Combatre Quareſmeprenant (diſt Panurge) de par tous les Diables ? Ie ne ſuys pas ſi fol & hardy enſemble. Quid iuris, ſi nous trouuions enueloppez entre Andouilles & Quareſmeprenant ? Entre l’enclume & les marteaulx ? Cancre. Houſtez vous de là. Tirons oultre. Adieu vous diz Quareſmeprenant. Ie vous recommande les Andouilles : & n’oubliez pas les Boudins.

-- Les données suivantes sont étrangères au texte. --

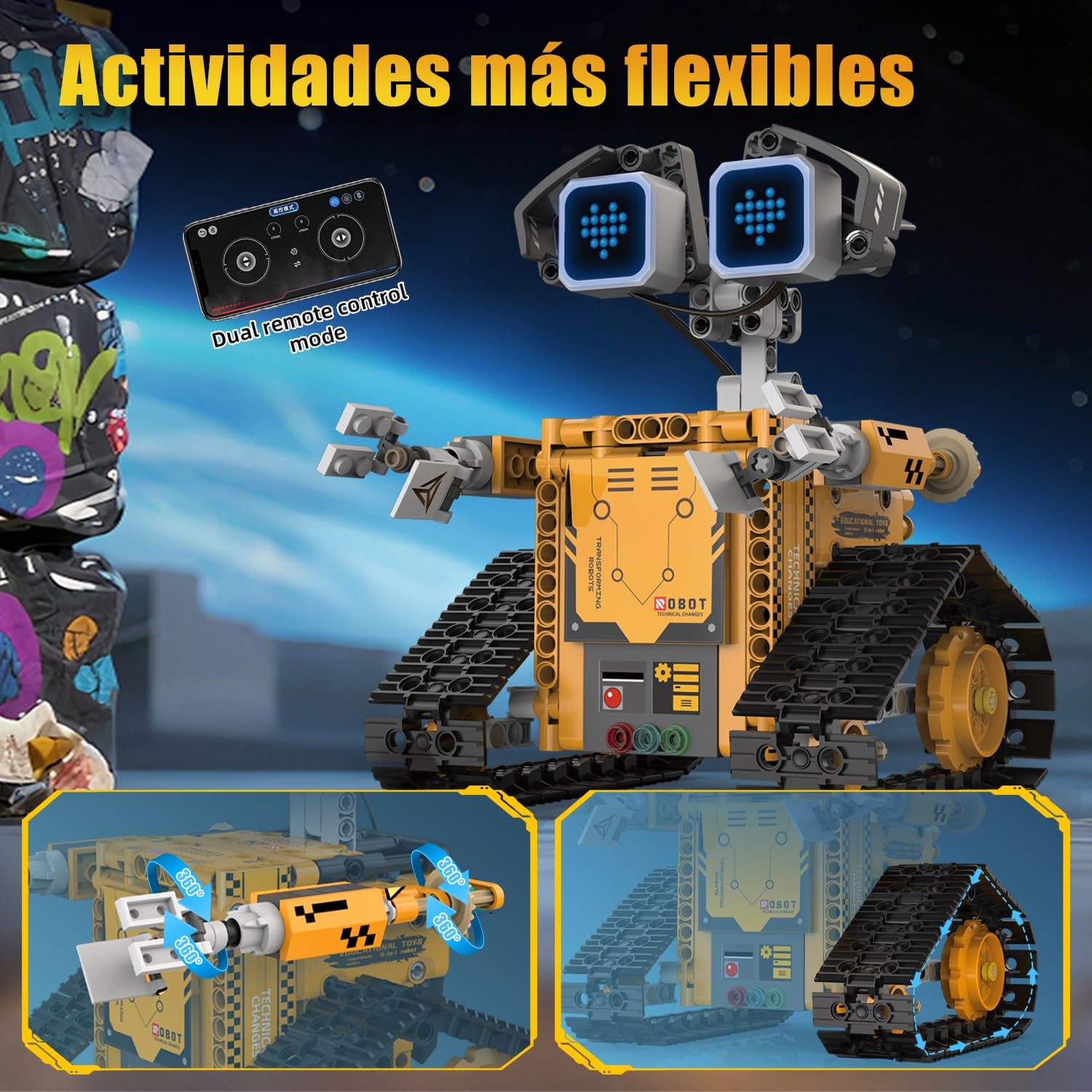 Robot de construcción de tecnología 5 en 1, robot con aplicación y mando a distancia | Technic Wall Robot Kit de construcción con 16 LED mímica, 373 piezas RC programable robot juguete regalo para 6 7 8 10 años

- ↑ Quareſmeprenant. Au propre : « qui prend carême. » Ce mot s’applique d’ordinaire aux trois jours gras avant le mercredi des Cendres et particulièrement au mardi. Ici il désigne le carême lui-même, dont ce chapitre et les trois suivants sont une description bouffonne. « Il faut, dit Le Duchat avec assez de vraisemblance, que d’un côté ce portrait regarde la bizarrerie de l’habit des moines en général, à qui leurs règles preſcrivent un carême continuel, & de l’autre l’erreur de ceux qui font conſiſter une bonne partie de la religion chrétienne dans l’obſervation du carême & de ſes dévotions. »
- ↑ Faiſeur de lardoueres & brochettes. « C’eſt en carême, & principalement ſur ſa fin, que les bouchers prennent leur tems pour faire des brochettes. » (Le Duchat). Quand Xenomanes dit qu’il en emporta vne groſſe, il faut entendre douze douzaines.
- ↑ Salades ſallees. Jeu de mots sur salade, casque, et salade, légumes assaisonnés au sel. L’énumération des « aubers, caſquets, morrions, » n’a pour objet que de préparer cette équivoque.
- ↑ S’en fuyt. Ainsi dans 1552 ; ailleurs : S’en ſuit.